OKLAHOMA CITY
Student leaders say they've come to expect tuition increases every year, but concern is growing among some lawmakers and educators about pricing working-class kids out of a college education.
Some student leaders seemed to take in stride the vote by the Oklahoma Regents for Higher Education last week to raise tuition rates and mandatory fees for resident students by an average of 8.6 percent.
It was the fifth year in a row that tuition had been raised since the Legislature, which used to set college rates, turned that sole authority over to the state regents.
The tuition and fee increases were 10 percent or more at two schools and 9 percent or more at nine others, including the state's two comprehensive universities the University of Oklahoma and Oklahoma State University.
Next year, the cost for 30 credit hours will be $14,915 at OSU and $14,721 at OU.
Jordon McGee of Edmond, chairman of the University of Oklahoma Student Association Student Congress, said OU President David Boren had done a good job of explaining the need for the increases.

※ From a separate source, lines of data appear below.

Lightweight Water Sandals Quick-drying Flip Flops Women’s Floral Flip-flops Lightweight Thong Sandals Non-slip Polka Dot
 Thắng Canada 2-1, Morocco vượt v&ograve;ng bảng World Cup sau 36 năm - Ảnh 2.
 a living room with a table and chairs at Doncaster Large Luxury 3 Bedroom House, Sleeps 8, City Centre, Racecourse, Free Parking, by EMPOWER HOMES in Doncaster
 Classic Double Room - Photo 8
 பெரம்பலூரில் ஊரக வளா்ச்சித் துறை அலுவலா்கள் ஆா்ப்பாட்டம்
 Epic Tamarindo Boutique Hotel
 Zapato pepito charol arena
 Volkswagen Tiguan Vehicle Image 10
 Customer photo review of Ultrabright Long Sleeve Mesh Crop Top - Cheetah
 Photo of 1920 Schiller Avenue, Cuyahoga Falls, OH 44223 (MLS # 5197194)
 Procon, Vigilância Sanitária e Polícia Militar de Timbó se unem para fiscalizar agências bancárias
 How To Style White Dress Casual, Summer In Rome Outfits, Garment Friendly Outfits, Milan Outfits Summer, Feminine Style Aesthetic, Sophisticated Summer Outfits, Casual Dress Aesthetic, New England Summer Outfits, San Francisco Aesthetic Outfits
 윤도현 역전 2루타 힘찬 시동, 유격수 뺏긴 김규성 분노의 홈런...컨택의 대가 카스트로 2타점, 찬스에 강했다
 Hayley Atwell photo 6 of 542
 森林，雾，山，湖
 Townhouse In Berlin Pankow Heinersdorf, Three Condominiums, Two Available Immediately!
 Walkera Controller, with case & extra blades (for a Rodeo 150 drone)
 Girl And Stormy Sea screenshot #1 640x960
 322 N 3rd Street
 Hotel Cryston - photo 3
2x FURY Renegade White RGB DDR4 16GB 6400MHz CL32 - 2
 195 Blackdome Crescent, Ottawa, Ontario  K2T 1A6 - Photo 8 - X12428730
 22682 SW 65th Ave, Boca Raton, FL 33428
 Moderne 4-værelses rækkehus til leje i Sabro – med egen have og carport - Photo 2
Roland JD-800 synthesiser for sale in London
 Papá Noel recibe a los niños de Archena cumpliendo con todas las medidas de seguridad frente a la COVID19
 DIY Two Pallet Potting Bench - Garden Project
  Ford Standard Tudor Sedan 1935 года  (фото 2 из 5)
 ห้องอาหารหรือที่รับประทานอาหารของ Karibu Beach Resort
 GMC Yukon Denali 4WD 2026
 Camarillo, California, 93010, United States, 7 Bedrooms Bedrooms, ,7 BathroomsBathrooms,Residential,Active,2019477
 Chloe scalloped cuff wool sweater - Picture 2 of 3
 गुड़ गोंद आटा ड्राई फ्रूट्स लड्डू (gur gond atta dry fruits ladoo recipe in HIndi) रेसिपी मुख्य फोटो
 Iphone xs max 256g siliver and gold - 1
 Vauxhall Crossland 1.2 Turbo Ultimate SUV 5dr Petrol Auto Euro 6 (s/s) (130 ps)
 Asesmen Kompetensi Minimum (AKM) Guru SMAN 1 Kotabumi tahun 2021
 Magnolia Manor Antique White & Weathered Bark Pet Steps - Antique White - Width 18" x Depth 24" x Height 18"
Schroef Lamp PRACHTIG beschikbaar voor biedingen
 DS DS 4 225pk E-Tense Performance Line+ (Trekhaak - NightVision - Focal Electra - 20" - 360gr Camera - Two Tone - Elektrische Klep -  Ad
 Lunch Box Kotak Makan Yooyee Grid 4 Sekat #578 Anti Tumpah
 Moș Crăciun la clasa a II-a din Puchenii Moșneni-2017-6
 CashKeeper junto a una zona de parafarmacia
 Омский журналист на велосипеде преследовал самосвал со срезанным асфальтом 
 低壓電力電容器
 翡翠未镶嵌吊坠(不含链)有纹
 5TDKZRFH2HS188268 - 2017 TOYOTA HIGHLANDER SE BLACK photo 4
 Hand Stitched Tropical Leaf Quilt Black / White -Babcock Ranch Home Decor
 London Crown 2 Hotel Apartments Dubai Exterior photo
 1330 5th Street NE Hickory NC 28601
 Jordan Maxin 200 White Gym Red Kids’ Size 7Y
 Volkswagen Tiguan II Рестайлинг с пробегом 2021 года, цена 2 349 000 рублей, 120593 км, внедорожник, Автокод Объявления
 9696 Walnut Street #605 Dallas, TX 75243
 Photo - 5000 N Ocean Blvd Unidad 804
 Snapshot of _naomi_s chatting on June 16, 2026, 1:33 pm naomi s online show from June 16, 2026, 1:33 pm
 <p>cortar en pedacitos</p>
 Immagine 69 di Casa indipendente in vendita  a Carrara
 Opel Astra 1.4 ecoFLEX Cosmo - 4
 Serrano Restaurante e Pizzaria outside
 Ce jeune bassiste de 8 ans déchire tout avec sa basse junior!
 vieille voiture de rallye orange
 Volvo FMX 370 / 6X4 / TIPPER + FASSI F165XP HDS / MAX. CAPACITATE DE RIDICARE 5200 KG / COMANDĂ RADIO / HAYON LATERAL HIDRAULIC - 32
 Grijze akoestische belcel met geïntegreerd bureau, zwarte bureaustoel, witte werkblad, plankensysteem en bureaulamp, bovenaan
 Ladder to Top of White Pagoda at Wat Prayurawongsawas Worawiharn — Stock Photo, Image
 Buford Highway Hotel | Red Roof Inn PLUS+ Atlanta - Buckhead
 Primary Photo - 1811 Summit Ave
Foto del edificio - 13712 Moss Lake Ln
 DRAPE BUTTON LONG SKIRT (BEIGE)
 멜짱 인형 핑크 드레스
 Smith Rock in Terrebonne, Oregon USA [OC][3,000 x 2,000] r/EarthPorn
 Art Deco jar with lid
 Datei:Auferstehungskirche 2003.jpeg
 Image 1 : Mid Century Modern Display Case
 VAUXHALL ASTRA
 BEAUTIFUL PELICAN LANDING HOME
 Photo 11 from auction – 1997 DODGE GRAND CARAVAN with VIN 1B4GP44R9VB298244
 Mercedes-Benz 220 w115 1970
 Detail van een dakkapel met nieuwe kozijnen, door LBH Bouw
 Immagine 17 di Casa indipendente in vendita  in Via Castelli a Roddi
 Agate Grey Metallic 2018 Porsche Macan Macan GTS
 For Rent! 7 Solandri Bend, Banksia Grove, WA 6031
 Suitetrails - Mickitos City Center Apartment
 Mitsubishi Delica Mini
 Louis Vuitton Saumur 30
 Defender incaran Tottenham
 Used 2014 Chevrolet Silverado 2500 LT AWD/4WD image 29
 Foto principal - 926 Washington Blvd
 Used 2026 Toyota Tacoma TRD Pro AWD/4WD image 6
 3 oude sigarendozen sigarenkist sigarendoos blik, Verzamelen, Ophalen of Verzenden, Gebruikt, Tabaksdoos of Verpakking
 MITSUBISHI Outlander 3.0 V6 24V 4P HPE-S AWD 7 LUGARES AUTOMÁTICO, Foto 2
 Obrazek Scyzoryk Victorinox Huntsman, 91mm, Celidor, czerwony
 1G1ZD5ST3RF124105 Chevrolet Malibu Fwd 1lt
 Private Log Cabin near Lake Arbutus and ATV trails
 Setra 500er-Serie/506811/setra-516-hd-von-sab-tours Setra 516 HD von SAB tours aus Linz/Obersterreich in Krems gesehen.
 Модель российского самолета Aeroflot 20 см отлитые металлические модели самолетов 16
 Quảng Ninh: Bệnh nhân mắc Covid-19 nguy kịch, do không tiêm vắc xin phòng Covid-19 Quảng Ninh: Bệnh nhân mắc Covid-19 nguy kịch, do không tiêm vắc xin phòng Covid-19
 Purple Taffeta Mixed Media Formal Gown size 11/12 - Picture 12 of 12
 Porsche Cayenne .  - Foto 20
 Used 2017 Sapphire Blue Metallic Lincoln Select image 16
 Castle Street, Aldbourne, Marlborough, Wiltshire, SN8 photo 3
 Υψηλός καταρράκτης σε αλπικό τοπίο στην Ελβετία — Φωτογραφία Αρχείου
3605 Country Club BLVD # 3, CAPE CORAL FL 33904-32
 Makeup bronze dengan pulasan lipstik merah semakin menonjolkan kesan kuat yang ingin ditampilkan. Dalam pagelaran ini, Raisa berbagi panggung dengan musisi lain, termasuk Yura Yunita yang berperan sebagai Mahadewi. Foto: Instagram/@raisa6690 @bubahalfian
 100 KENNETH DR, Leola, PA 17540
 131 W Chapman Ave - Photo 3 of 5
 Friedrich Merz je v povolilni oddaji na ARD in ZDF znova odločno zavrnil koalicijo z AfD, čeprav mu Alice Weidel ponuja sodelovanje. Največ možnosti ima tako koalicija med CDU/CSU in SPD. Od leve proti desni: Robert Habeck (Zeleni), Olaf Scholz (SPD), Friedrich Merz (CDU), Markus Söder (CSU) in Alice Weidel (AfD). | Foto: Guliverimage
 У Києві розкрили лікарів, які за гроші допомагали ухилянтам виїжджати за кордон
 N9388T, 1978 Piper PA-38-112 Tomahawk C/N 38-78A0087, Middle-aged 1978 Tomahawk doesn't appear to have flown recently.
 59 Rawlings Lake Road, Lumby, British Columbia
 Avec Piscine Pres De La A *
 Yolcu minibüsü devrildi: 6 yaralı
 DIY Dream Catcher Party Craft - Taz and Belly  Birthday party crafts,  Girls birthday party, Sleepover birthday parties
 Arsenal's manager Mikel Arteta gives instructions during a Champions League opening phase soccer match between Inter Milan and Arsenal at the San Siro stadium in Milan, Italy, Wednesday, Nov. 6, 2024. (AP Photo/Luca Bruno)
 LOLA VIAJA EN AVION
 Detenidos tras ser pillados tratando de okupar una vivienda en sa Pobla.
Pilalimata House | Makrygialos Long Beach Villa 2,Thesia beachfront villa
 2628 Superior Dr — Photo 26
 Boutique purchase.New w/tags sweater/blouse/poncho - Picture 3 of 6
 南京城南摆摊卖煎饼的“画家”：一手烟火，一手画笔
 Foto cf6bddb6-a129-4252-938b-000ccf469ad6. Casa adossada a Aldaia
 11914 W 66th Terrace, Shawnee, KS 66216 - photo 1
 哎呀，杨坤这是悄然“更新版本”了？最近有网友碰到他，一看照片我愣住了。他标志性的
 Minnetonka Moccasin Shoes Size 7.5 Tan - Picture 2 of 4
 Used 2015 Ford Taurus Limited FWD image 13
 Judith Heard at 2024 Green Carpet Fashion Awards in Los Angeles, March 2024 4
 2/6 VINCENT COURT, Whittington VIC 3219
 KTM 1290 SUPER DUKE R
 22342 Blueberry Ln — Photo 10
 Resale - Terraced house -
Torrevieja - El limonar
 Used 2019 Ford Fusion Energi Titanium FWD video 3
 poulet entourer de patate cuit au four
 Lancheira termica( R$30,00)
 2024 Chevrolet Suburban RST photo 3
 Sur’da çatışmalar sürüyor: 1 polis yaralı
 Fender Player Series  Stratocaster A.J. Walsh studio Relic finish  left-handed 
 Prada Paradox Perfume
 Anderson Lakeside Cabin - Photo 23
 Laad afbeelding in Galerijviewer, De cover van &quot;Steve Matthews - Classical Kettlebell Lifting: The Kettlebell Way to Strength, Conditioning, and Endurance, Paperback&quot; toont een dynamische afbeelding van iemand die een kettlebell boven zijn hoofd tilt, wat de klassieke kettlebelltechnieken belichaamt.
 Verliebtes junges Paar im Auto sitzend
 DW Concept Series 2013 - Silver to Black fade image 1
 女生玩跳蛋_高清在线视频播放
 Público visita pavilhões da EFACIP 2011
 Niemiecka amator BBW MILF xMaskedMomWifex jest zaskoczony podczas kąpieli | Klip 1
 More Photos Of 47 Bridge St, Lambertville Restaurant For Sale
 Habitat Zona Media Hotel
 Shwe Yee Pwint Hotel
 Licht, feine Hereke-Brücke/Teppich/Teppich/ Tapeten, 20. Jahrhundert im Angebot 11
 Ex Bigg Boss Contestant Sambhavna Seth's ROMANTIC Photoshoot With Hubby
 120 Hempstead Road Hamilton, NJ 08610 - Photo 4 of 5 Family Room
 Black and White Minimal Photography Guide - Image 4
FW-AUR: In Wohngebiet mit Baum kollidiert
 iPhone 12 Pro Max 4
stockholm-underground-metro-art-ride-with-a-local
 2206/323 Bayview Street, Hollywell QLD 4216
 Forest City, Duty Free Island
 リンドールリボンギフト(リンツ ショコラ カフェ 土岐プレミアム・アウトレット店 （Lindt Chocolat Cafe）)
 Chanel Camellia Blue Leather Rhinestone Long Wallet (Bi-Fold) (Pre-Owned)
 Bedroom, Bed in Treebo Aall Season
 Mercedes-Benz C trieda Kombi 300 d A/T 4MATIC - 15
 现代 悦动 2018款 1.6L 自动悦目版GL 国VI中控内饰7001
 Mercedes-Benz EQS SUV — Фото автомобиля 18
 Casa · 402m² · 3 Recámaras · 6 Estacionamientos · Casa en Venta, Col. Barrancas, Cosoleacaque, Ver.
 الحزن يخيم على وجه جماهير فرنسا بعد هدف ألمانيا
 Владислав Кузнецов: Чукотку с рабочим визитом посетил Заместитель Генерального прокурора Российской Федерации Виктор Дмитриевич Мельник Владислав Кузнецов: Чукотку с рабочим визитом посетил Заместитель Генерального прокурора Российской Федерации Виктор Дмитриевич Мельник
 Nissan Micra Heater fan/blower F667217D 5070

"I know that the university is being put in a tough situation with costs rising pretty much everywhere," he said.
Olaf Standley of Northeastern State University attended the meeting when state regents, with no discussion, approved tuition and fee schedules approved earlier by boards governing 25 colleges and universities across the state.
"Tuition is going to have to go up, especially since we haven't received enough money from the Legislature," said Standley, a member of a student advisory board to the state regents.
"I've never been in college when there wasn't a tuition increase," said McGee, a senior English major at OU.
Sen. Joe Sweeden, D-Pawhuska, said tuition increases were not automatic when lawmakers had control, however, and when citizens and students seemed to rise up more in opposition to raising the cost of going to college.